Crone blamed the alleged budget shortfall in part on enrollment, which he said has dropped significantly in recent months due to a tuition hike and general tension between the administration and the faculty that has riled students.

It’s unclear how much enrollment has dropped in the last few months alone, but it did fall 12 percent in 2013-14.

Aside from possible budget problems, Crone said he and two other faculty members – one of them on the tenure track – were recently blocked from teaching at the college. Crone and the other instructors – Annette Rodriguez, an adjunct instructor of humanities, and Patricia Perea, a tenure-track instructor of humanities who previously held a visiting faculty position at Brown University – have been publicly critical of the administration in recent months, in part because of the process by which the college eliminated several academic programs: construction management, automotive technology and radiology. (Some 700 people have signed a petition asking the New Mexico Department of Higher Education not to approve the 2014-15 budget, saying in part that the curricular changes will hurt students' future prospects for employment locally.) Crone also said he's encouraged some of his more "activist" students to voice their existing concerns about the college to the administration. 

Consequently, Crone said, they were put on a kind of faculty “blacklist,” of which tenured professors in charge of hiring were notified (Crone, although retired as a tenured faculty member, had planned to teach as an adjunct in the fall).

David Barton, a tenured professor of English and humanities, confirmed that he’d been made aware of such a list, and in May wrote an email to Anthony Sena, the interim provost, questioning the decision.  

“Dr.
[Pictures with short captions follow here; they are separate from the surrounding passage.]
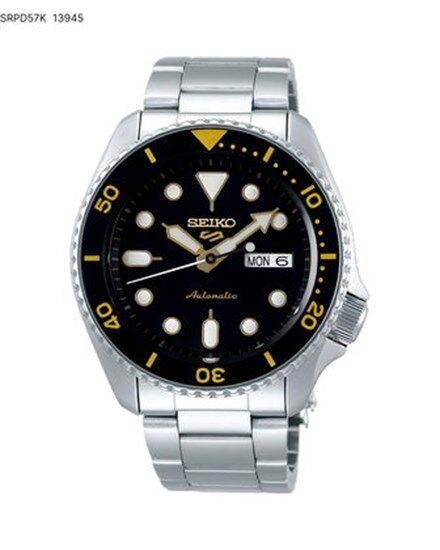 Seiko SRPD57K1 Otomatik Çelik Gri Siyah Kadran 10 ATM 42 mm Erkek Kol Saati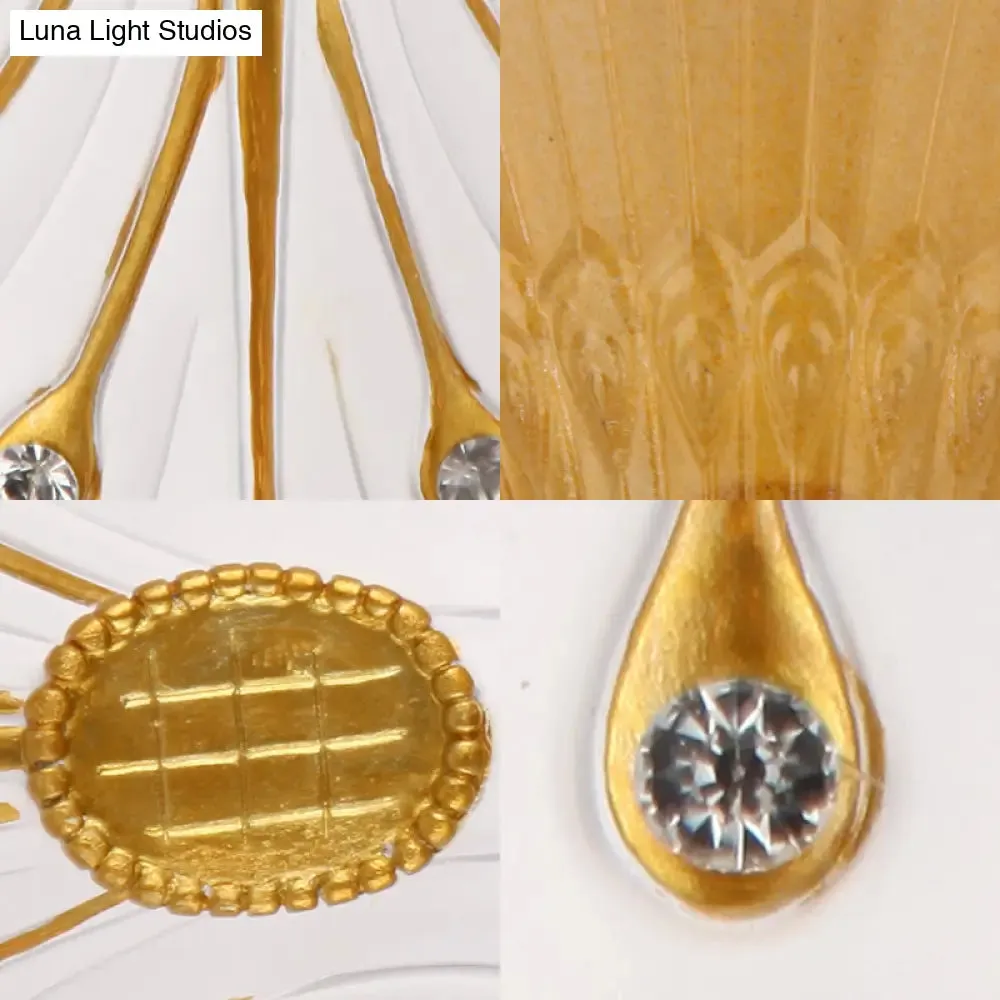 Traditional White/Yellow Glass Bedside Wall Light Sconce with Diamond Accent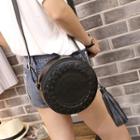 Round Faux Leather Shoulder Bag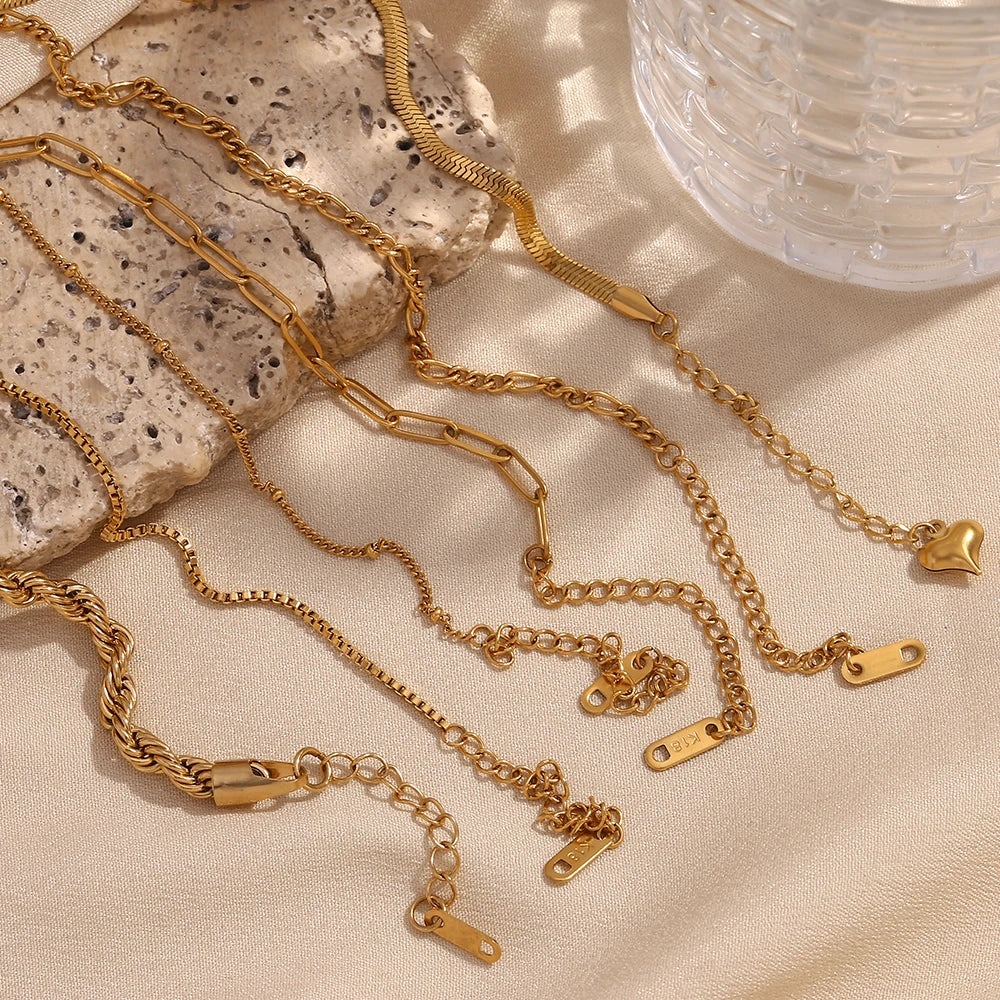 Ebbelle lâmina corrente figaro corrente torce corrente pulseira 18k banhado a ouro 316l jóias de aço inoxidável pulseiras de mão femininas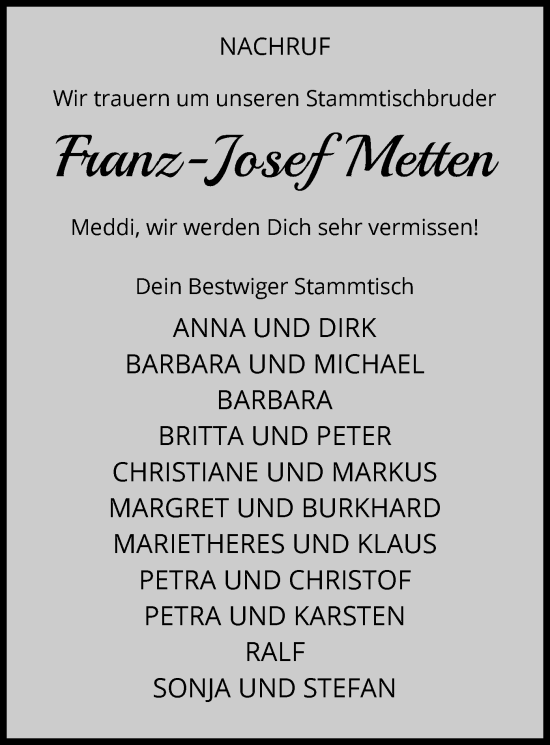 Todesanzeige von Franz-Josef Metten von WA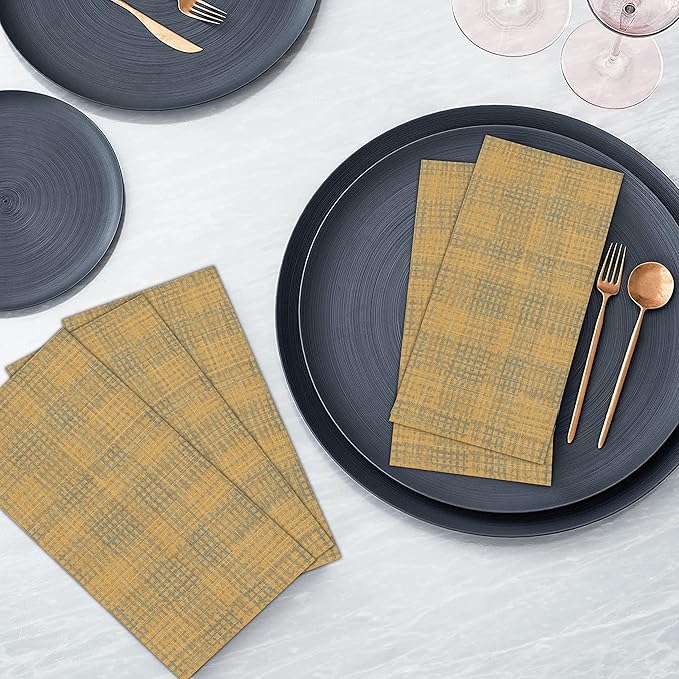 RUVANTI Cloth Napkins Set of 6 Cotton 100%, 18x18 Inches Napkins Cloth Washable, Soft, Absorbent. Cotton Napkins for Parties, Christmas, Thanksgiving, Weddings, Dinner Napkins Cloth - Wet Net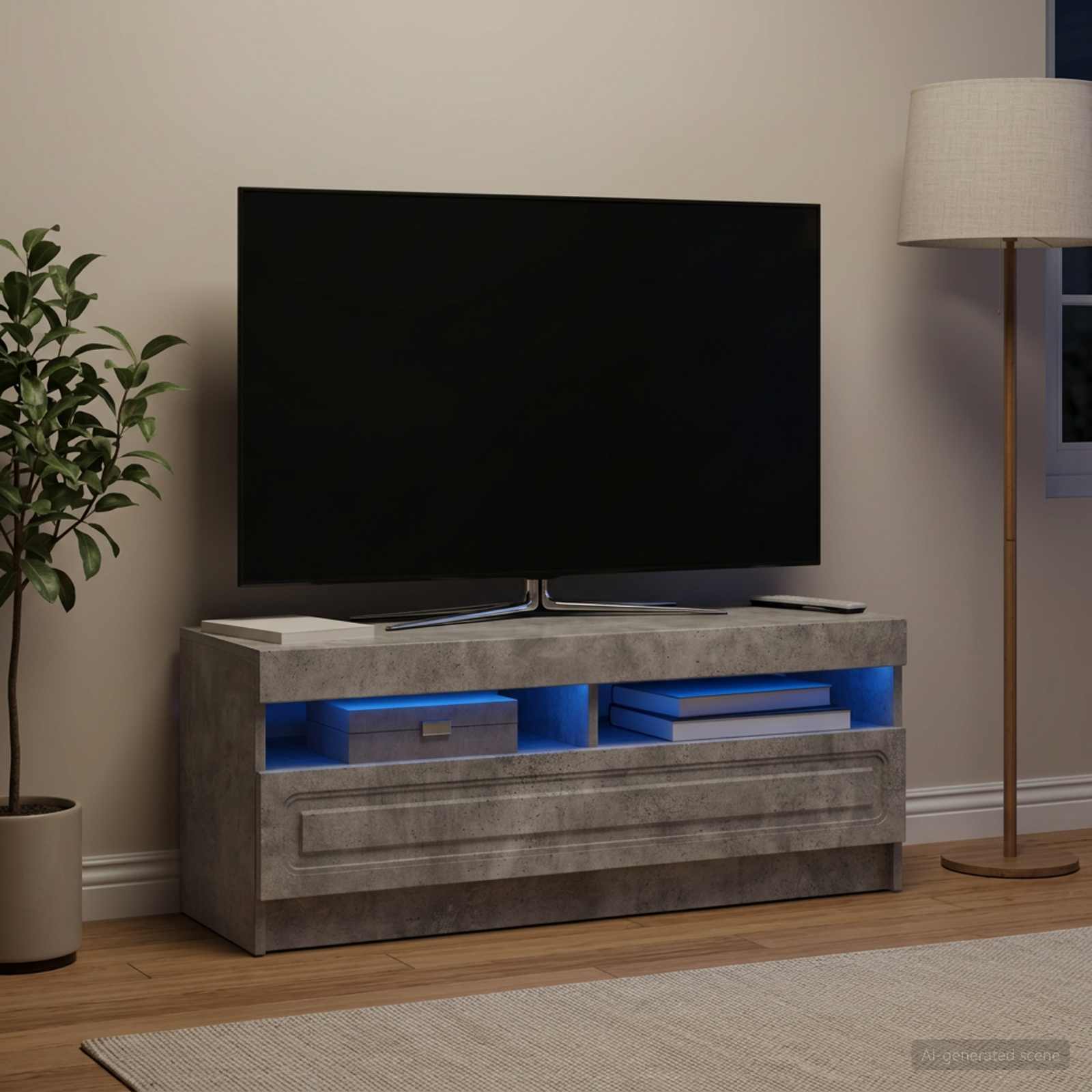 LED televizoriaus spintelė Betono pilka Apdirbta mediena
Patricia Perea is currently scheduled to teach summer school (on an adjunct contract),” Barton’s wrote in that email. “In addition, she would like to teach in the fall at Northern on an adjunct basis while she looks for full time work at another school. In no way could the college expect to find a better part-time instructor, as she is both rigorous and extremely popular with students.”

Perea, who is now looking for work and still hasn’t been given a clear answer for why she’s off the tenure track, said she’s most concerned about the impact the faculty turnover will have on Northern New Mexico’s students. She’s seen some of them publicly she said, and they’ve told her they’ve dropped out due to the tuition hike, or the environment, or both.

Because Northern New Mexico is isolated and much of the surrounding area is economically depressed, she said, “When they don’t come to Northern, they just don’t come to school. It’s an incredible disservice to the community.”

Serna, the college spokesman, said Northern New Mexico, like many other four-year colleges, was anticipating a 5 percent decline in enrollment next year – but he denied that the college was in crisis, regarding its student base or its finances.

He declined to comment on why Crone, Rodriguez and Perea were no longer eligible to teach at the college, saying it was a private personnel matter. But he attributed reports of faculty discontent to a handful of former employees “essentially raising unnecessary red flags.”

As a result, he said, the college has been hit with dozens of open records requests from former faculty and local media that could take hundreds of hours and up to $15,000 to fulfill. The college released a press release this week saying that the requests will be turned over to the college’s lawyer.